» Action item
Each line of the data below between the one containing "To Paradosiako في" and the one containing "Hand Holding Square Mockup Boxes PSD", both included, is to be repeated exactly. Please omit pictures.

» Available records
────────
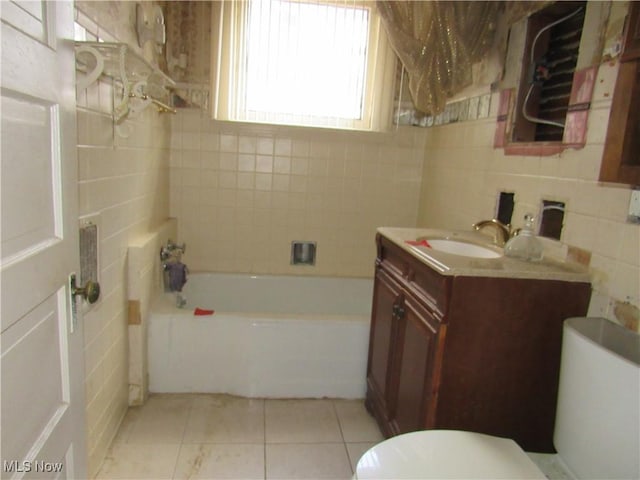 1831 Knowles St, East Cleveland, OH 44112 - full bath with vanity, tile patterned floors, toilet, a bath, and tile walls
────────
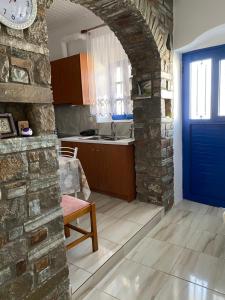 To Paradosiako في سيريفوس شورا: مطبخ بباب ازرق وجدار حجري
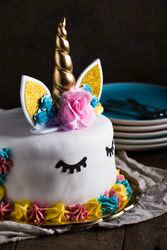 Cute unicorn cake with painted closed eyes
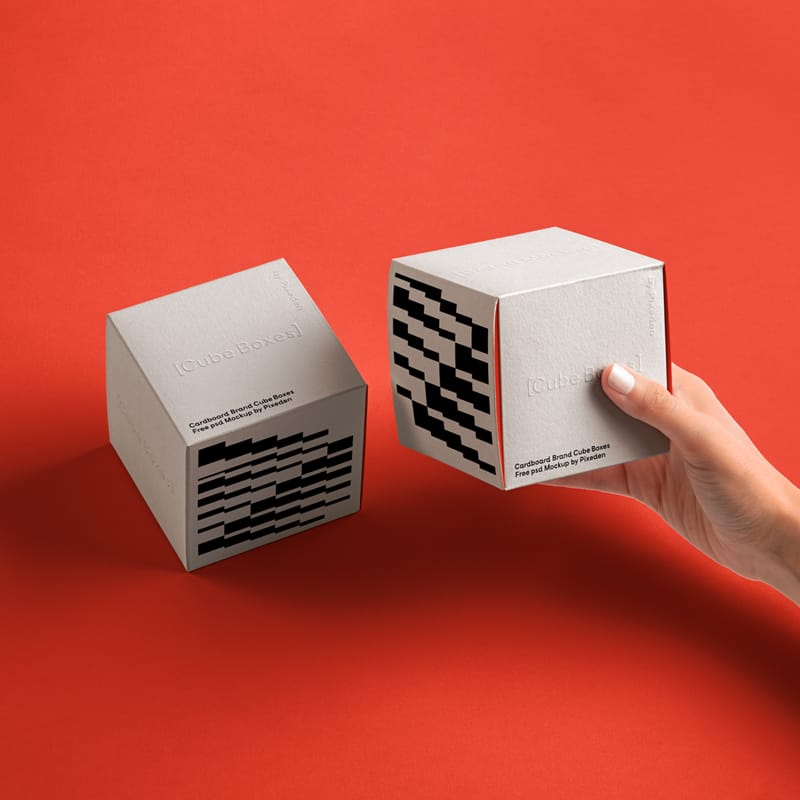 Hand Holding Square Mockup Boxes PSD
────────
» Output of the task
 To Paradosiako في سيريفوس شورا: مطبخ بباب ازرق وجدار حجري
 Cute unicorn cake with painted closed eyes
 Hand Holding Square Mockup Boxes PSD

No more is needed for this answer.